> **What the exercise asks**: Report back each line of the data that contains the word "Camping".

Crawled caption data:

━━━━━━━━━━

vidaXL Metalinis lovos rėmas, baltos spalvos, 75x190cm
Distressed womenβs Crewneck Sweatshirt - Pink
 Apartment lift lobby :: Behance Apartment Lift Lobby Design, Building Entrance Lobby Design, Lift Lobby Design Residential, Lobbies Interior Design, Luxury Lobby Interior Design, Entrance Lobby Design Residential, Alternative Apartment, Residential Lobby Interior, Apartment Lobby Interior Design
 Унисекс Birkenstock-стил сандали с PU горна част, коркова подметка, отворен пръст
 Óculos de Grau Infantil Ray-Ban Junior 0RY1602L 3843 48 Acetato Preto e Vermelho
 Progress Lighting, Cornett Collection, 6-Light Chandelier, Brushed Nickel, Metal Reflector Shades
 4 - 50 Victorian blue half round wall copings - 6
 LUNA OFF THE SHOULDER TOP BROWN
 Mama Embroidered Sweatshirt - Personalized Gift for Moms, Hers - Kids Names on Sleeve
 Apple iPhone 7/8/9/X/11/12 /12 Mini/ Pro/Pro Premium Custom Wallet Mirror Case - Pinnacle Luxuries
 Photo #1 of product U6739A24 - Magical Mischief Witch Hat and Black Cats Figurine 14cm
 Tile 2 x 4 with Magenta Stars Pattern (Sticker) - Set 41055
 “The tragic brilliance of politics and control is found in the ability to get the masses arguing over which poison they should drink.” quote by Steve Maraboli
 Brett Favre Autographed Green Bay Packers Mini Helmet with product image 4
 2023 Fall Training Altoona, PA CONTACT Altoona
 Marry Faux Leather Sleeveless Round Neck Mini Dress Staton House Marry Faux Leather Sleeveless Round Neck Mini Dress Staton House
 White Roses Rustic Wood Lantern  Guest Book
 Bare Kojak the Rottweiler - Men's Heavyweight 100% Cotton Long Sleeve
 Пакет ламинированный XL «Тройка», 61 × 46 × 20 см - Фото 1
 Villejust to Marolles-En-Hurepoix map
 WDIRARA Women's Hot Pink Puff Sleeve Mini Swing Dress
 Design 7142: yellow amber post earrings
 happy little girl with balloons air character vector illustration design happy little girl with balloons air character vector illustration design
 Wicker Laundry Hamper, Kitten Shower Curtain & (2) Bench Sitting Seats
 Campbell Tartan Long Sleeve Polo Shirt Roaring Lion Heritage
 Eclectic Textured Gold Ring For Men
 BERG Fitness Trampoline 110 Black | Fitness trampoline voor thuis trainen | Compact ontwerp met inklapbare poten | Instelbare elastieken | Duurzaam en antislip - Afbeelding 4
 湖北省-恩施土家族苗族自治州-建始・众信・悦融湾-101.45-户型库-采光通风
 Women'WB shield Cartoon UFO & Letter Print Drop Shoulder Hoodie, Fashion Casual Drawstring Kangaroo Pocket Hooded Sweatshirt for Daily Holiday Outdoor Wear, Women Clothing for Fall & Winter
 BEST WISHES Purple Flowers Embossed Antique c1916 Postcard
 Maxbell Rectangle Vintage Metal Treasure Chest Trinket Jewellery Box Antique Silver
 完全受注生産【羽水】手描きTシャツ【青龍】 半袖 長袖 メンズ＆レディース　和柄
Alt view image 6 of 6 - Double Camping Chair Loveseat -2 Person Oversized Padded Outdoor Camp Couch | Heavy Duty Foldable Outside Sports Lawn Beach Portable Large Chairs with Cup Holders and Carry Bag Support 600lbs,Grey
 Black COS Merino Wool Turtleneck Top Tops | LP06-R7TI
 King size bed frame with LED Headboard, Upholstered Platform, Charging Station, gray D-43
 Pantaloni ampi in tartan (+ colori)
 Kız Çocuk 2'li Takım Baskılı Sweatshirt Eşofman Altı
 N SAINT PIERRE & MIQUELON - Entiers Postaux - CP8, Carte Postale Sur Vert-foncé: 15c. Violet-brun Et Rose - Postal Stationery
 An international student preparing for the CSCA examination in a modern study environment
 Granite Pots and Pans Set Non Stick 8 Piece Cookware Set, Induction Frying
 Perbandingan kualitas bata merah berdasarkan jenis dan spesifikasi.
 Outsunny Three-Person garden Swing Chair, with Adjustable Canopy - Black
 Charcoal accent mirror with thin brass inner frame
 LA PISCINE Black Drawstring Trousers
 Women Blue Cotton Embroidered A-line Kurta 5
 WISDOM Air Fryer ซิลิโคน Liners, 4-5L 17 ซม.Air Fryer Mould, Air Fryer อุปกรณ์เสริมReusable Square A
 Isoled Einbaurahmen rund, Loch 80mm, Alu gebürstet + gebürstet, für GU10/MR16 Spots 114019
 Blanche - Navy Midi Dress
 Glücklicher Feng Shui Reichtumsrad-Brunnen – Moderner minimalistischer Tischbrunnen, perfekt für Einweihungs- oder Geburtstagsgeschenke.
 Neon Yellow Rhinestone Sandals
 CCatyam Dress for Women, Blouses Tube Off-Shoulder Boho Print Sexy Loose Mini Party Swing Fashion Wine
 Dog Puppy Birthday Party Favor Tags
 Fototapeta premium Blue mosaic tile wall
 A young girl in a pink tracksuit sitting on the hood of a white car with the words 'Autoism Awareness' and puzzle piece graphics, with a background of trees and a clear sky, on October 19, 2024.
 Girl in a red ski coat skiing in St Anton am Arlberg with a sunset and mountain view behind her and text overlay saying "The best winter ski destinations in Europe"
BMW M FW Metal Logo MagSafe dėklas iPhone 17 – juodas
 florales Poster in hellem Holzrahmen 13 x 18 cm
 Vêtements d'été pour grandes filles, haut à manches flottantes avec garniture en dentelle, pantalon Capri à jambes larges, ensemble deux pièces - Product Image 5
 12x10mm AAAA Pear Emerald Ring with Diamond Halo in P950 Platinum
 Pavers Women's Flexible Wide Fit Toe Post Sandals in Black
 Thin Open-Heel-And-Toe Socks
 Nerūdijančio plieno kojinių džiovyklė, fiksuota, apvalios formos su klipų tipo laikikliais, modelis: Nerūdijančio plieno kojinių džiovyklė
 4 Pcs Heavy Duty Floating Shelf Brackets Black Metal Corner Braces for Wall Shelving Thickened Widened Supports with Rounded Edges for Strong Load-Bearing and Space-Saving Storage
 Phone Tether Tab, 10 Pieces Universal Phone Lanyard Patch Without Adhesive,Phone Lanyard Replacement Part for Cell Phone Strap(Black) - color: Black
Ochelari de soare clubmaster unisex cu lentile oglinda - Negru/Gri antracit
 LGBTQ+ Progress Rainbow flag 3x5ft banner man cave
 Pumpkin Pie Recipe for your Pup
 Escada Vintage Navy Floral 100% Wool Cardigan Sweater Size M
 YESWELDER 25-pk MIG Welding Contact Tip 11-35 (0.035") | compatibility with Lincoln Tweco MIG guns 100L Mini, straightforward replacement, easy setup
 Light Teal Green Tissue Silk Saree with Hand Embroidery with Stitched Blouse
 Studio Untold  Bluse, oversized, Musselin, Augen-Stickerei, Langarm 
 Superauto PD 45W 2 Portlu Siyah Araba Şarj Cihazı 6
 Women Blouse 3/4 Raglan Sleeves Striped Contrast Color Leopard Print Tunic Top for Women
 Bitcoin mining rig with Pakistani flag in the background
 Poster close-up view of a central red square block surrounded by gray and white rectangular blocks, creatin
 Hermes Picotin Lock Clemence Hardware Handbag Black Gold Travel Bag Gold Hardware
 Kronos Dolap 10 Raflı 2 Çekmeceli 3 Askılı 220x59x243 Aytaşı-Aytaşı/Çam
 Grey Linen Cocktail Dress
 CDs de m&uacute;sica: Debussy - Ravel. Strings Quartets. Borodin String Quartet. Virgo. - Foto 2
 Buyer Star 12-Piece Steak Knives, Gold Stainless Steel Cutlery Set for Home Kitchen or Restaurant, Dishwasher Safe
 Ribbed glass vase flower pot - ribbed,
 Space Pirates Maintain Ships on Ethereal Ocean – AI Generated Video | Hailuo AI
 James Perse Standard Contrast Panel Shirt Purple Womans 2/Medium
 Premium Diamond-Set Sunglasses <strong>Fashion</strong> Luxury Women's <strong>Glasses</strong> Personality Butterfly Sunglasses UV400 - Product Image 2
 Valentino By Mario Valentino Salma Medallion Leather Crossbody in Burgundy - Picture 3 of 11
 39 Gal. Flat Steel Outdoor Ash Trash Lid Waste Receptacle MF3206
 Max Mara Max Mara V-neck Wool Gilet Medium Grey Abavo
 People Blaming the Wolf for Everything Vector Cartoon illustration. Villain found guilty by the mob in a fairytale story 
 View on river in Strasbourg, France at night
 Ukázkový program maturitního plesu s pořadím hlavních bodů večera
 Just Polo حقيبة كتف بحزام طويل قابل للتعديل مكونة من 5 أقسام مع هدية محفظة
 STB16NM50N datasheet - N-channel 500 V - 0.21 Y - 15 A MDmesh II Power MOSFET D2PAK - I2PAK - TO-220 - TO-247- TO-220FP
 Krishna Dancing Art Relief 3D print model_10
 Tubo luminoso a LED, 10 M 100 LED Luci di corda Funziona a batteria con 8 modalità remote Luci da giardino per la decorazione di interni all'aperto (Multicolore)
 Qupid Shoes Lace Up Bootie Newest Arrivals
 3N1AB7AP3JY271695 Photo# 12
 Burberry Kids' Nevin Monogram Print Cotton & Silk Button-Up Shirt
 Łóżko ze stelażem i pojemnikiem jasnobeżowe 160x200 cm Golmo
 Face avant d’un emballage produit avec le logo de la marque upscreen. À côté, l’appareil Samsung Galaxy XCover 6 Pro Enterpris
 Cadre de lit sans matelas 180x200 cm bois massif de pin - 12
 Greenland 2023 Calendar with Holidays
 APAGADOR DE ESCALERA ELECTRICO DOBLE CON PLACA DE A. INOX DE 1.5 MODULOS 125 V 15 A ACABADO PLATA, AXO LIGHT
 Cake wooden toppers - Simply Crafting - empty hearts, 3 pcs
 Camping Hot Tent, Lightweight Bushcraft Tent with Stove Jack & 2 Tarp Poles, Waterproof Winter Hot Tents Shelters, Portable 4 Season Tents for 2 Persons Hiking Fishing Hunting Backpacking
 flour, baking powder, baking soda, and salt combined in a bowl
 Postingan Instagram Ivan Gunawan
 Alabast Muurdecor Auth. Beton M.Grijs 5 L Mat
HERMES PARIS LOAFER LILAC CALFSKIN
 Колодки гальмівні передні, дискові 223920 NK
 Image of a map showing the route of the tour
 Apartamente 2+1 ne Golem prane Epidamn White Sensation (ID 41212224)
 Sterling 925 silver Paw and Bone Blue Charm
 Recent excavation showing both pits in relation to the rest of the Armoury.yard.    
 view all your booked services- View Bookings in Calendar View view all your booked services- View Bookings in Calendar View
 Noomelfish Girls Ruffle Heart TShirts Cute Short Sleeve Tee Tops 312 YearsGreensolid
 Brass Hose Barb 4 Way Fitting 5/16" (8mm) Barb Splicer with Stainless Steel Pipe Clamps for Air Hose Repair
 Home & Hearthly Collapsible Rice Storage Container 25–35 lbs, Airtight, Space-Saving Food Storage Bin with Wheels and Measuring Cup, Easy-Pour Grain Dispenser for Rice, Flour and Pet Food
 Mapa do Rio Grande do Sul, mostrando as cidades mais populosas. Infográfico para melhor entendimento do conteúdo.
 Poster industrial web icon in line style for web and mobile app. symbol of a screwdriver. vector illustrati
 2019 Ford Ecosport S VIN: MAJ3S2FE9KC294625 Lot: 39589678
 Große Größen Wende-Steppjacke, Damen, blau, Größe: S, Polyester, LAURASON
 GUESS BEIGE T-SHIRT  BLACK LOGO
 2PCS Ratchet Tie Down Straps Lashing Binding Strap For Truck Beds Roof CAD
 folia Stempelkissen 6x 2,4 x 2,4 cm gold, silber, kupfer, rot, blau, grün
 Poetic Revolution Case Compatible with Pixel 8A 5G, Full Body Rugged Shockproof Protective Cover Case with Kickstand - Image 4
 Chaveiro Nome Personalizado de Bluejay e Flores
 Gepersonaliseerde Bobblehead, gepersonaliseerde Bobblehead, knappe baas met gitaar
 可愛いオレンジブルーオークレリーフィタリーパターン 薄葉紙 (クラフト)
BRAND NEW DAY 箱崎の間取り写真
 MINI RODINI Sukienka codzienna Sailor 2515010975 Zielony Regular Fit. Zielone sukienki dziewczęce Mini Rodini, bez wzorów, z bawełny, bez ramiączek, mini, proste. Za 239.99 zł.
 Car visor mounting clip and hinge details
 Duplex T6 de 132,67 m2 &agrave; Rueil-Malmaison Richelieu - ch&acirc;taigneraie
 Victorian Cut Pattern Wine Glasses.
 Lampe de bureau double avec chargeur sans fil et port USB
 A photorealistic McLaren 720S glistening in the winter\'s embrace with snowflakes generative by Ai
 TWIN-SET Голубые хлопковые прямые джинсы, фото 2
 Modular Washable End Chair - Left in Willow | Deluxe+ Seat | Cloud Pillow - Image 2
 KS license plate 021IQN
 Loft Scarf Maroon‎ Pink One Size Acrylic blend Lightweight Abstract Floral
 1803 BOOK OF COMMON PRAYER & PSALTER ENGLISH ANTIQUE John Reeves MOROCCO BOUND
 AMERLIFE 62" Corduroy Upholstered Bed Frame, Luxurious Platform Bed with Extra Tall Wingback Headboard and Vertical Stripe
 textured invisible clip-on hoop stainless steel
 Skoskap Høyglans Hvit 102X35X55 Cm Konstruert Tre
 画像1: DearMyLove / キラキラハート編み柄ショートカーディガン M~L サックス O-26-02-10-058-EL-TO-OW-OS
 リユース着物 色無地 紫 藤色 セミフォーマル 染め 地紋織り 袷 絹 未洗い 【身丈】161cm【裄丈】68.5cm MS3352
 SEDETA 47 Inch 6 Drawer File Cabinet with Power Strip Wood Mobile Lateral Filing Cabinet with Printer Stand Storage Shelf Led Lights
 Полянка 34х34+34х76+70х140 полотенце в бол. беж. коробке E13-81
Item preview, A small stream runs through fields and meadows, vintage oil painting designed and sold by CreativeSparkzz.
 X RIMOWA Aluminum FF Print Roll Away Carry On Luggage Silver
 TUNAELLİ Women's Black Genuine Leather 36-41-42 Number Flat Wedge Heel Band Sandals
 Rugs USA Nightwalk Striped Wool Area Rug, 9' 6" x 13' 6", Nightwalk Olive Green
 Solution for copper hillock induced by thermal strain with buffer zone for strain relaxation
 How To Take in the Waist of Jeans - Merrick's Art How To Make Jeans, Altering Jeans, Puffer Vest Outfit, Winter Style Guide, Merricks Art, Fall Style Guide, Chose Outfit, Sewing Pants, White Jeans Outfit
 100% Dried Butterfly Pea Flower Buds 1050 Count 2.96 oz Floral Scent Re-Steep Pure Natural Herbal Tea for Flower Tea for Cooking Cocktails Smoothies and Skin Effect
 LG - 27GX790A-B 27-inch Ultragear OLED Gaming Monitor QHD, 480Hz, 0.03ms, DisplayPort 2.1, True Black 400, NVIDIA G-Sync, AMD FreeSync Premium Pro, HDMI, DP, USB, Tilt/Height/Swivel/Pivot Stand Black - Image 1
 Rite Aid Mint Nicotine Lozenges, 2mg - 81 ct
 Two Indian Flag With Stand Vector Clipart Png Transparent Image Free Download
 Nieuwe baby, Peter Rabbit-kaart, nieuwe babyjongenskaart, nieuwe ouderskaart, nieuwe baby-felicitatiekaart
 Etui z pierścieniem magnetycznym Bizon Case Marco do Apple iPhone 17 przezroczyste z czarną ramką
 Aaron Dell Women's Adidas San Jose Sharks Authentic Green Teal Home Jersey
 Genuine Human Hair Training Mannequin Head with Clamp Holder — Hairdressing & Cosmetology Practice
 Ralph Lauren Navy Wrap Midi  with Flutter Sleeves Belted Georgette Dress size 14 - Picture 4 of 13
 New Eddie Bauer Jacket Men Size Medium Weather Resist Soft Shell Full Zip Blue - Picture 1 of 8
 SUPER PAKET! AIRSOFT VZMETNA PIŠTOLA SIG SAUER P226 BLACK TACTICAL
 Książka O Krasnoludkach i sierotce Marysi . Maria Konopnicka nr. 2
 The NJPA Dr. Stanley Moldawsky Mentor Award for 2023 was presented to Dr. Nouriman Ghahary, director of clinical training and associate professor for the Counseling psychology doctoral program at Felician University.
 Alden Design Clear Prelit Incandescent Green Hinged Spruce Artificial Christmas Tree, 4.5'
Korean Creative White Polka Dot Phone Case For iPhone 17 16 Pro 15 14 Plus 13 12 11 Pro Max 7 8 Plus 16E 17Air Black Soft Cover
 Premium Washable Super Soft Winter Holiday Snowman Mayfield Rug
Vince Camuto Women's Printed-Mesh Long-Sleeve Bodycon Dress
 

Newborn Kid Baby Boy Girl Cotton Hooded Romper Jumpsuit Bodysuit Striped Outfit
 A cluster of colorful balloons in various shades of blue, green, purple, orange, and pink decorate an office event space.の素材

━━━━━━━━━━

> **Answer to the problem**:
Alt view image 6 of 6 - Double Camping Chair Loveseat -2 Person Oversized Padded Outdoor Camp Couch | Heavy Duty Foldable Outside Sports Lawn Beach Portable Large Chairs with Cup Holders and Carry Bag Support 600lbs,Grey
 Camping Hot Tent, Lightweight Bushcraft Tent with Stove Jack & 2 Tarp Poles, Waterproof Winter Hot Tents Shelters, Portable 4 Season Tents for 2 Persons Hiking Fishing Hunting Backpacking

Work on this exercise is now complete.